MLB: I got one. There’s a place not too far from my house in California called the Snake. It’s part of Mulholland Highway just north of northern Malibu, it’s really twisty and you get all the ‘lurkers’ out there-
CH: Lurker means something quite different over here…
MLB: We probably get a few of them too! No, I would probably take my GT2 RS and go fang up that road.
RR: It’s a tough one. I would probably have to pick the car that is the best all-rounder ever, a Range Rover. I’d probably have the SVAutobiography, with a big, 5.0-litre supercharged V8 in it. And I’d just go anywhere. Anywhere I damn well want because that’s where the car goes, up mountains-
MLB: You’d go down the high street and you know it!
Here’s what Matt had to say about series 25’s highlights…
MLB: We did a film in Northern California that was really fun, we drove some pretty radical off-road machines. Sri Lanka was great, not very fast but still pretty fun. Utah, the V8s, was amazing, that was pretty special. Spain was great. Guildford was great!
To be quite honest, we probably had the most laughs in Guildford. That’s where our home track is, that’s where everybody’s most comfortable to push the limits. There’s no walls to hit… we had the most fun there.
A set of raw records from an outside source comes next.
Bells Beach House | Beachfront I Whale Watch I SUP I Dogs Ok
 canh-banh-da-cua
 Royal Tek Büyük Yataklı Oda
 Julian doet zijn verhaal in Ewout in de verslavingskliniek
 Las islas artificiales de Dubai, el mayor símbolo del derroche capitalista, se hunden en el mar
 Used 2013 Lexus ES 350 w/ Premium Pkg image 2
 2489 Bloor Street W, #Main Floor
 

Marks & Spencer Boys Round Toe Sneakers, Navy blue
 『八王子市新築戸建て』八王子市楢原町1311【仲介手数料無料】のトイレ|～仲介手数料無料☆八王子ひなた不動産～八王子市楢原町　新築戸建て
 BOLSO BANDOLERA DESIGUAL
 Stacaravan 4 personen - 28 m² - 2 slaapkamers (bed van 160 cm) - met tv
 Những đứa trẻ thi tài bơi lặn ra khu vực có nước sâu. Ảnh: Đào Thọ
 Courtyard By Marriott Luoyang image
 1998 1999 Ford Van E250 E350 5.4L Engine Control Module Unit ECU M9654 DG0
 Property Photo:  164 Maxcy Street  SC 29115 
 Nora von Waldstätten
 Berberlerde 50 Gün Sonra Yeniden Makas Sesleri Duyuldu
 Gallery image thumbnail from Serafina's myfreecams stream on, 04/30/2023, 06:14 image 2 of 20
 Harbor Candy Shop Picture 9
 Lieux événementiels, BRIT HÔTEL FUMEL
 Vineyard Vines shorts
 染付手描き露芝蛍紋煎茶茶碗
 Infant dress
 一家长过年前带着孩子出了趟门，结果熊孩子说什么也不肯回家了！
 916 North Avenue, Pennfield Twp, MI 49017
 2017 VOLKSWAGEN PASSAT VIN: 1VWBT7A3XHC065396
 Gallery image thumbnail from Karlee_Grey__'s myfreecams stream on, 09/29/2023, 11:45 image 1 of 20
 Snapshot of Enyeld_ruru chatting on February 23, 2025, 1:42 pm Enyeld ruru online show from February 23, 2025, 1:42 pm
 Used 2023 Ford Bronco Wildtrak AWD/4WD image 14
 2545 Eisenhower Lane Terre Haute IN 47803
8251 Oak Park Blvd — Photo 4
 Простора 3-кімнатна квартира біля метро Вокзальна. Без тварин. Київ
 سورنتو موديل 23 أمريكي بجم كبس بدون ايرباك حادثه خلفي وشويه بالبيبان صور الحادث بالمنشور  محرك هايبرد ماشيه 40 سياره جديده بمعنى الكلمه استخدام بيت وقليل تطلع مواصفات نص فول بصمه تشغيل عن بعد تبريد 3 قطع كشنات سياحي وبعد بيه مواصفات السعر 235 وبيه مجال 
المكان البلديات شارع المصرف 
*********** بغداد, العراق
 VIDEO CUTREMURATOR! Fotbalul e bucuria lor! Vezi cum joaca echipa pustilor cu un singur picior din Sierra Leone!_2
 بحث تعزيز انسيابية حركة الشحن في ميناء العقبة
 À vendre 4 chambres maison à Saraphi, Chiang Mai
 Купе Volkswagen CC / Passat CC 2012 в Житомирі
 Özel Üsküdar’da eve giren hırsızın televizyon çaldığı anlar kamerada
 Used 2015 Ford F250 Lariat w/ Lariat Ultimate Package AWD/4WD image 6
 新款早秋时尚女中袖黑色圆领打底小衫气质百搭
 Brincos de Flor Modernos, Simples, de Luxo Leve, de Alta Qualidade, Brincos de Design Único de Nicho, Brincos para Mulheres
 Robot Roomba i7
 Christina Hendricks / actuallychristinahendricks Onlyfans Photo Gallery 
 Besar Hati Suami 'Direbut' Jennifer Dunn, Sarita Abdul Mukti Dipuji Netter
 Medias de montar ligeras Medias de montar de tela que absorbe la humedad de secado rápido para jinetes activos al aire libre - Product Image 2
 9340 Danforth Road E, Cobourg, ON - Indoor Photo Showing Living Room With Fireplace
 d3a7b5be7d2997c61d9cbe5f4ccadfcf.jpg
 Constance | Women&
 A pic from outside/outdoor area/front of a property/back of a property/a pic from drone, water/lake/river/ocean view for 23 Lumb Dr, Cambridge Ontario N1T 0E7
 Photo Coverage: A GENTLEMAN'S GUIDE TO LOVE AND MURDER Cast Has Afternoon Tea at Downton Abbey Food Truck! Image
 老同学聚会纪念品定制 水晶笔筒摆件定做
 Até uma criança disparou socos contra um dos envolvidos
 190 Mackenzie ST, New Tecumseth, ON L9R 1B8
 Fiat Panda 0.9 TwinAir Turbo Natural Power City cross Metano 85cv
…and here’s Matt and Chris on being able to properly drive a car…
CH: This show is about driving cars. If you can’t drive the cars properly, I’m not sure you can actually do your job. I’ve always felt that if you found out that Jamie Oliver couldn’t boil an egg, you wouldn’t believe his cookery show.
MLB: When I first joined the show, I thought ‘yeah I can drive good enough’, and pretend I’m a fast driver on TV. You know, the camera adds a few skill points, just as it adds a few pounds!
You get in the car, and what you don’t realise is you’ve got to deliver all this information… at a 100mph+ going down a racetrack. So I went out and did some laps, came in and said ‘how was that?’, and they said ‘you didn’t say anything. You didn’t say one word.’
What was it like for Chris and Rory to work with Joey from Friends?
CH: I spent the majority of the early Nineties semi-inebriated lying on the sofa watching him, so then to suddenly find yourself working alongside side, sharing jokes with him, being the butt of his practical jokes, and all the other stuff, is brilliant.
I drove through Hazelmere town centre in a bright orange tractor, and there are people thinking ‘is that Joey from Friends?’
As we were leaving them behind, it would dawn on them who it was, and they’d shout really badly ‘how you doin’ at the tractor. The whole thing is totally surreal.
RR: I would say he’s not as Hollywood as you think. In the first series I was reviewing the Ford Focus RS, and Matt texted me, saying ‘you really liked that car didn’t you?’. I said ‘yeah’.
So he asks ‘should I buy it?’ and I said ‘yeah’. And then he went out and bought one. And then I realised I just told Joey from Friends to buy a Ford Focus. A little blue hatchback, on my recommendation. And then you start to think ‘what if it’s s***?’ Thankfully he loved it.